Folha de S. Paulo
Itamaraty condena russos na ONU enquanto
presidente conta com boa vontade particular de Putin
Jair Bolsonaro fez uma incomum exibição de
pragmatismo ao justificar a hesitação do governo brasileiro diante da invasão
da Ucrânia. O presidente convocou uma
entrevista no meio de sua folga de Carnaval para dizer que o país
evitava condenar a guerra por temer retaliações russas no comércio
internacional. "Para nós, a questão do fertilizante é sagrada",
declarou.
Descontado o excesso de franqueza, a explicação poderia passar a imagem de que Bolsonaro se rendeu a uma diplomacia de resultados. O Brasil depende de fertilizantes importados, e a Rússia é a origem de quase 25% desse material. O presidente, porém, derrapou na ilusão de "neutralidade" com que tentava embasar sua posição.
Bolsonaro poderia proteger os interesses
econômicos do Brasil sem endossar um dos lados e ofender o outro. Na entrevista
de domingo (27), o presidente disse que não tinha nada a conversar com o colega
Volodimir Zelenski e, de forma gratuita, fez
pouco caso da carreira pretérita do líder ucraniano. "O povo confiou
num comediante o destino de uma nação", ironizou.

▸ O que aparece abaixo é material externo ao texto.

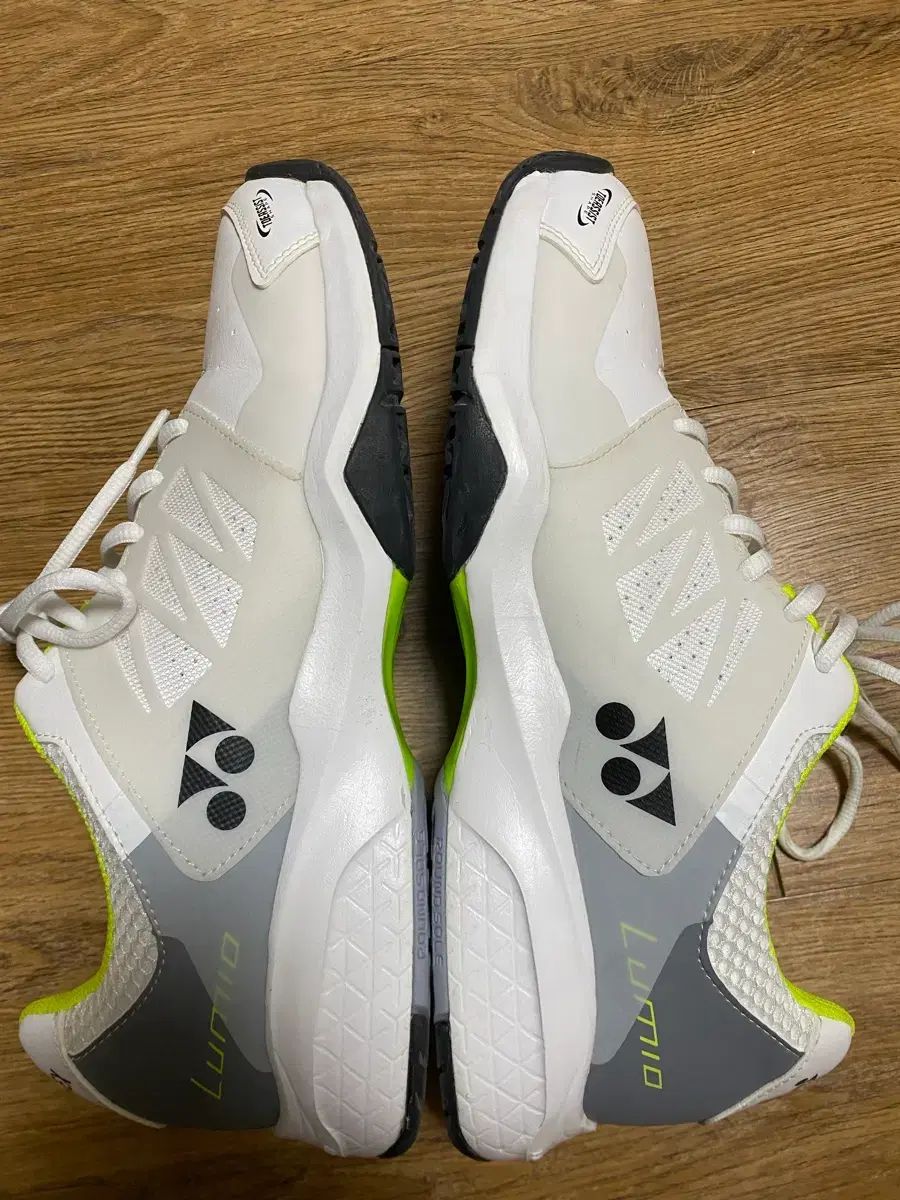 YONEX ヨネックス バドミントンシューズ 285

Sem nenhuma cautela, Bolsonaro também
encampou parte dos argumentos do Kremlin a favor da invasão. Afirmou que
"grande parte da população da Ucrânia fala russo" e alegou que
Vladimir Putin só estava "se empenhando" em regiões separatistas do
Sul do país. Naquele dia, tropas da Rússia já se aproximavam da capital
ucraniana.
A devoção aos fertilizantes produziu uma
generosidade que contrasta com as birras do presidente com outros países. O
bolsonarismo manteve uma política de insultos à China mesmo dependendo de seus
insumos para fabricar vacinas. A parceria
militar brasileira com a França também nunca impediu o governo de
atacar Emmanuel Macron.
Bolsonaro quer dissociar suas atitudes do
comportamento da chancelaria brasileira. Enquanto o Itamaraty condena os russos
na ONU, o presidente parece contar com uma boa vontade particular de Putin.